I suspected the Siemens 3RW44 25-1BC44 soft-start so replaced it with another new unit, different make but same specification, and this causes the main 100A mcb to trip despite changing parameters as suggested by the supplier . So I tried it on another unloaded 30kw motor and the main mcb trips the same. This all happens too fast to see fault codes. The original soft start works with the 30kw motor.
I have tested the motor as best as I can. All winding have the same resistance, 0.17ohm on my meter, 0.35 for 30kw motor and over 200Mohm on the insulation test so seems OK to me.

To sum up:

1. Original Soft-start & 55kw motor --> motor hums or turns very slowly with on load (voltage across each windings about 137v)
2. Original Soft-start & 30kw motor --> OK
3. New soft-start & 55KW motor --> trips fuse
4. New soft-start & 30kw motor --> trips fuse

My conclusion is a faulty 55kw motor and a faulty second Soft-Start, but I can’t believe the motor is faulty.

My questions:
Is it possible for the Siemens 3RW44 to be faulty on the larger motor and OK on the smaller motor?
Are there any other tests I can do on the motor?
Is there any likelihood that an electrical fault caused the coupling to fail?

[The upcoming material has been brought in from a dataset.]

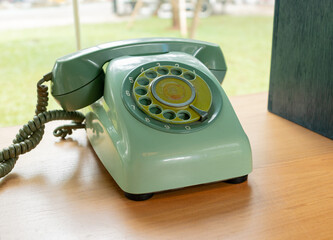 Retro green telephone with garden background. After edits.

I’d much appreciate any help.

Thanks


----------



## gpop (May 14, 2018)

I would have to prove that all 3 legs are really there (amps). 

Its easier with a scope meter to see what really is happening during the start up (power quality meter). But the general rule of thumb is that a humming motor is single phasing. 
Now you have a interesting set up because when its coupled the engine starting motor is acting as a bump start for the electric motor. This would give a 3 phase motor missing a leg direction and if the breaker could hold the load it would probably spin up on 2 legs. 

The only other thing i can think of with out seeing a lot more details is that you have 6 leads back to the soft start and you reversed one set (makes real weird noises if you reverse one coil pack). Maybe some one tried to reverse the motor and only switched one set when there were 2 per phase.


----------



## JRaef (Mar 23, 2009)

Most likely the 55kW motor has a shorted winding, but the original Siemens 3RW44 is set up for Current Limit, and the "similar" soft starter that you tried to replace it with did not, or is was one of the cheap "2 phase" versions that people to selling now. 



So when the 55kW motor is connected to the Siemens starter, the soft start feeds into the shorted winding, but limits the current to a level that is not causing the breaker to trip until the soft starter trips itself off on Failure to Start or something. Then when you connect the other soft starter that is not (or cannot) do Current Limit, the current jumps to the trip point immediately and tripped the breaker. That then probably caused a shorted SCR in that 2nd starter, so it tripped again on the 30kW motor because you have now damaged it. However when you connect the original Siemens starter to the 30kW motor, there is no more short so it functions normally.


----------